Pictures with short captions
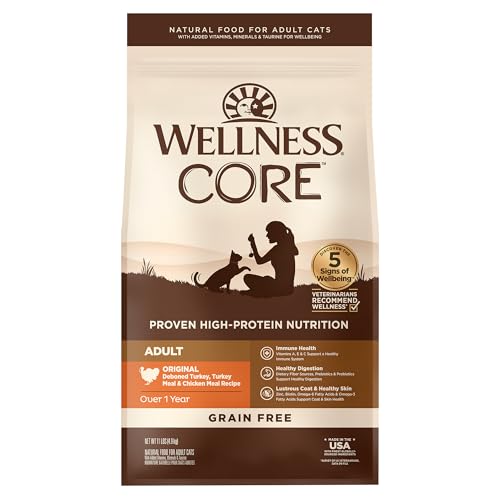 Wellness CORE Adult Dry Cat Food, Natural, Grain Free Kibble, Turkey, Turkey Meal and Chicken Recipe, 11 lb Bag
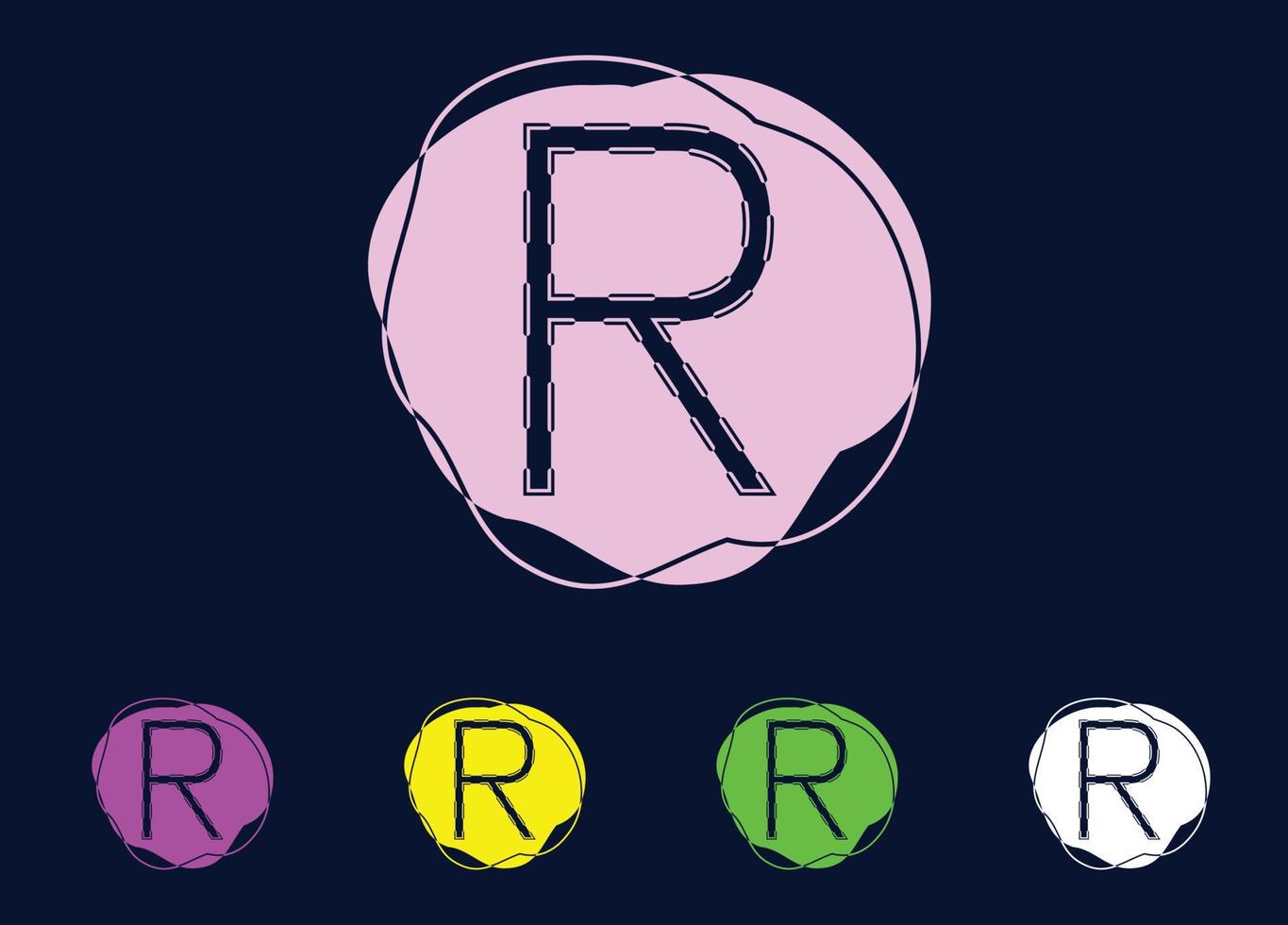 Plantilla de diseño de logotipo e icono de letra R vector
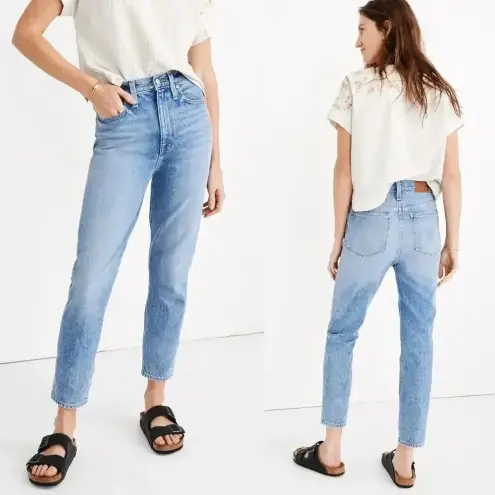 Madewell  The Mom Jeans Melva Wash Medium Wash High Waist Cropped Size 27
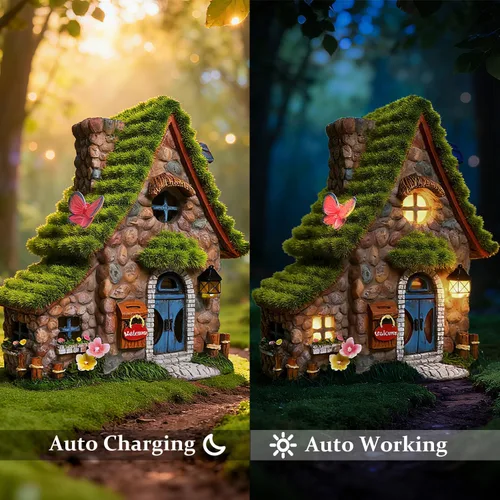 Miniatura 11 de Estatuas de casa de hadas de resina ASAWASA con luces solares, esculturas de jardín divertidas con decoración flocada y adoquinada, exquisitas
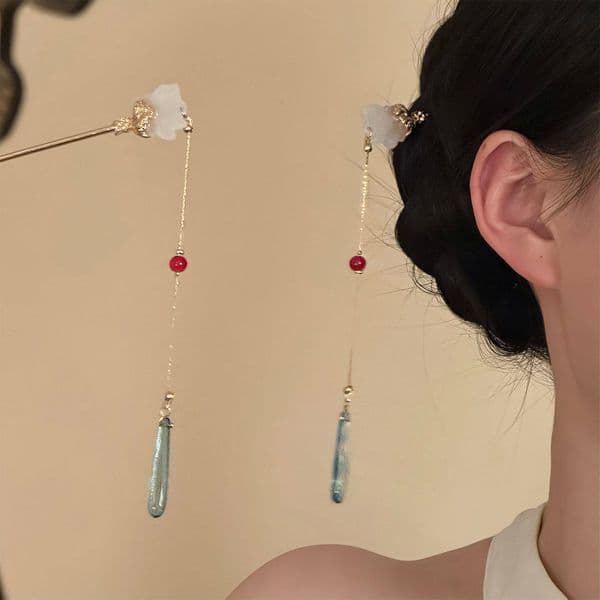 New "Flowers Under the Clouds" ancient-style floral tassel new Chinese-style updo hairpin, hair accessory for Hanfu ddmythur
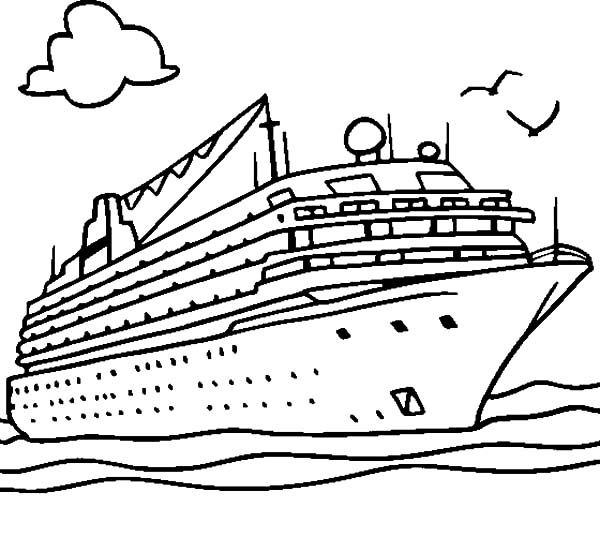 Cruise with enormous ship on sunny day coloring pages online coloring pages coloring pages to print coloring pages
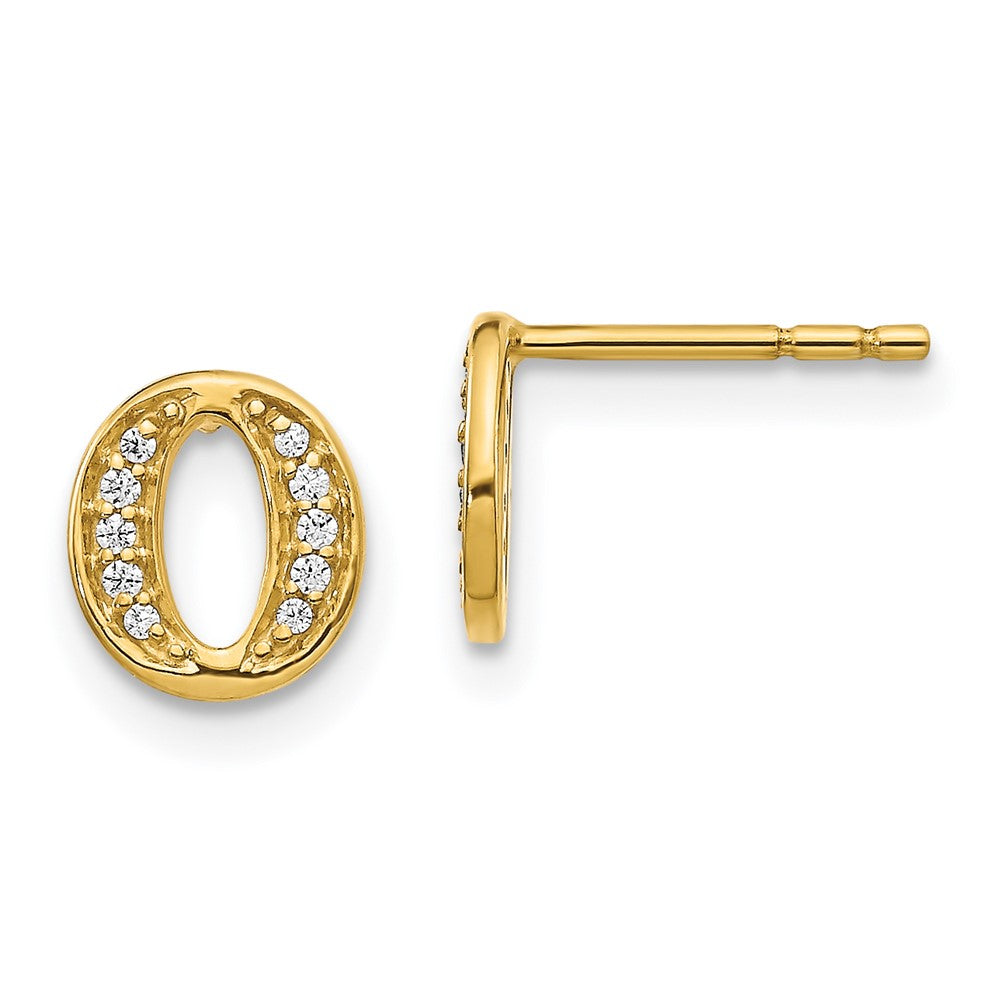 14k Yellow Gold Real Diamond Initial O Earrings EM4170O-007-YA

» Task instructions:
Reproduce every line above word for word; no images.

» Response to the exercise:
 Wellness CORE Adult Dry Cat Food, Natural, Grain Free Kibble, Turkey, Turkey Meal and Chicken Recipe, 11 lb Bag
 Plantilla de diseño de logotipo e icono de letra R vector
 Madewell  The Mom Jeans Melva Wash Medium Wash High Waist Cropped Size 27
 Miniatura 11 de Estatuas de casa de hadas de resina ASAWASA con luces solares, esculturas de jardín divertidas con decoración flocada y adoquinada, exquisitas
 New "Flowers Under the Clouds" ancient-style floral tassel new Chinese-style updo hairpin, hair accessory for Hanfu ddmythur
 Cruise with enormous ship on sunny day coloring pages online coloring pages coloring pages to print coloring pages
 14k Yellow Gold Real Diamond Initial O Earrings EM4170O-007-YA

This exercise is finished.